A Treatise On Electricity Markets

So many debates about our transforming electricity system surround the economics of electricity production. The solar advocates continually remind us that the price breakthrough for solar panels is just around the corner, while industry advocates insist the economy will suffer if we place any meaningful limits on carbon pollution. I find it’s often difficult to debate these positions constructively. Rather than enter the debate myself, with this post I’ll explain the fundamentals of electricity markets to illustrate how electricity is priced, and how adding or removing electricity resources might affect electricity prices and emissions.

Chile became the first country to introduce electric competition in 1987. Not long after, England, Wales, and other developed countries followed. In the United States, the Energy Policy Act of 1992 officially encouraged a transition to wholesale electricity competition.

Competitive electricity markets slice up traditional vertically integrated utilities, separating electricity generation owners from the entities responsible for electricity transmission, distribution, and retail sale. Instead of generating electricity to only cover the needs of their electricity customers, generation owners offer their power into a centralized market, where it is sold through an auction process. The unique operation of this electricity auction process is the source of my interest in electricity markets.

Each day, electric generation owners submit an “energy offer curve” to the local grid operator. An energy offer curve conveys a generator’s willingness to sell electric energy (in dollars per megawatt-hour) as a function of their level of electric generation (in megawatts). The shape of this curve reflects the individual plant’s fuel costs, efficiency, minimum electric output, maximum electric output, and other operating characteristics. For example, a nuclear power plant would offer its energy for a lower price than a coal power plant, because nuclear fuel is cheaper than coal.

Each day, the grid operator collects information from electric generators, especially the most widely used diesel generators and then uses an optimization algorithm to decide which diesel generators should be online to minimize overall electricity costs while maintaining electric reliability. However, this facility of automated data collection is available only in the advanced models of New Diesel Generators and other types, and there are few makers like F G Wilson Generators and Perkins Generators that incorporate such mechanisms for easy usage monitoring and data collection.

After each generator has submitted an offer curve, the grid operator executes an “economic dispatch” algorithm to decide which generators should provide electricity during each hour of the next day. The algorithm combines all of the energy offer curves and solves a very large optimization problem to figure out which generators should be online, and what their power output should be to minimize the overall cost of electricity without overloading any of the grid’s transmission lines. Moreover, the algorithm considers contingencies. It schedules generation so that the system can withstand the abrupt failure of at least one transmission line, and it even schedules some generators to wait at the ready in case of an unexpected shortfall in electric supply. This economic dispatch process would not be possible without the breakthrough CPLEX algorithm, which by no coincidence was commercialized when the first electricity markets opened.

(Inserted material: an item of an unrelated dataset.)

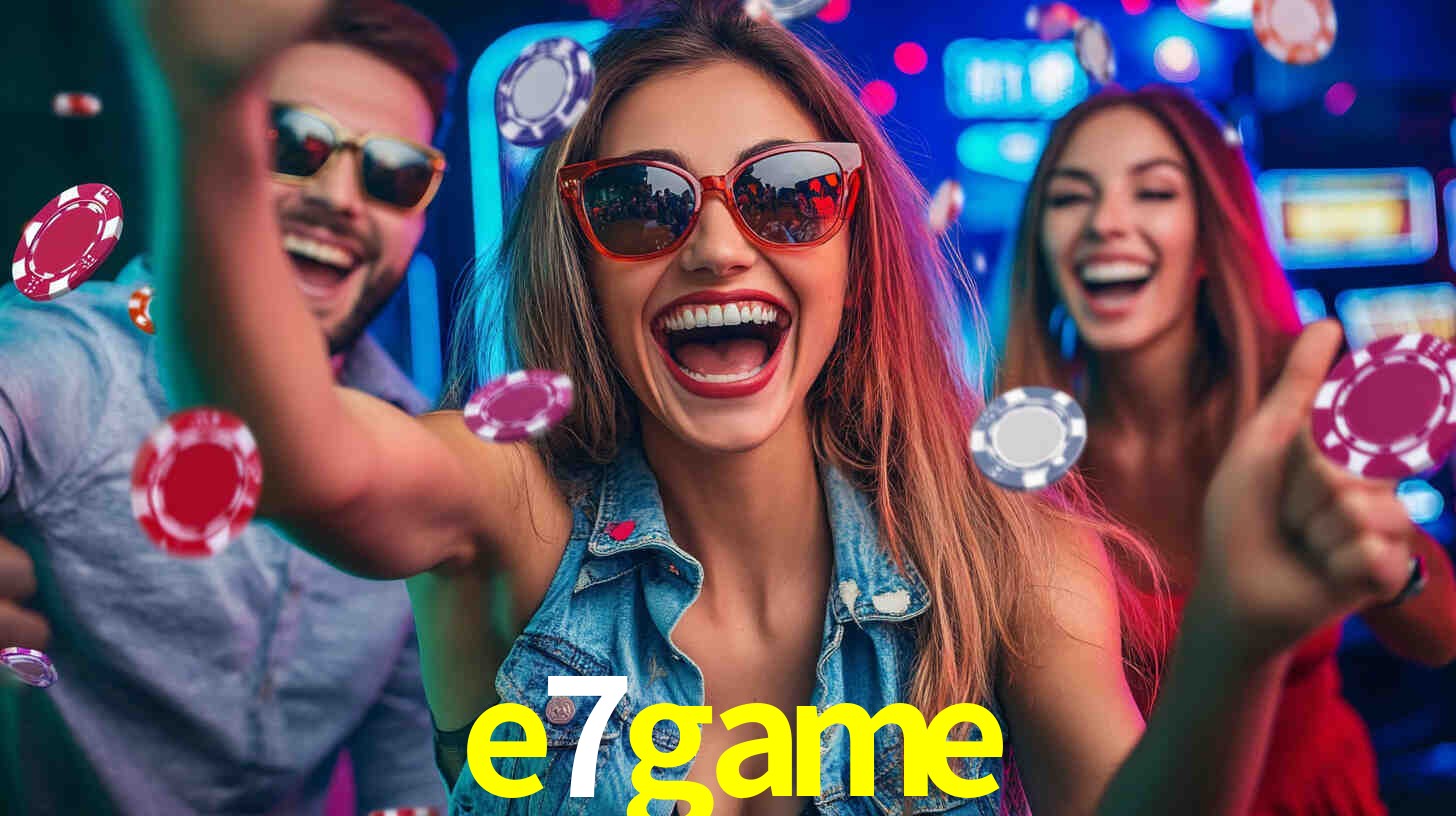 Descubra a Essência do e7game: Nossa História e Compromissos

Because electric demand can vary significantly over the day, the real-time price of electricity is often volatile. This figure shows the real-time price of electricity experienced in ERCOT’s southern hub on July 19, 2011.

The result of the economic dispatch algorithm is an explicit time-varying “locational marginal price” (LMP) at each node of the power grid. Electric generators are credited for energy they sell at their local LMP, which reflects the cost of providing one additional unit of electric energy at a particular time and place. If a particular node of the grid lies in an area where transmission lines are often congested, it could experience a higher price than its neighbors. Furthermore, LMPs typically increase as the level of electric demand increases, because the most expensive generators only come online to meet peak electric demand.

By thinking about how a given energy technology or policy will affect the electricity market’s economic dispatch process, we can predict how it will affect electricity prices and emissions.

A tax on carbon emissions, for example, would increase the operating cost of coal more than it would the operating cost of natural gas. Thus, taxing carbon would provide an explicit price signal to the grid operator prompting them to prioritize natural gas generation over coal, thereby decreasing electricity emissions. This is one reason a carbon tax is touted as a method to mitigate climate change.

Regardless of the energy technology or policy considered, it’s important to understand how it fits into the wider electricity system. By modeling the grid operator’s economic dispatch process, it’s possible to predict how radical changes to the grid would affect electricity prices and emissions.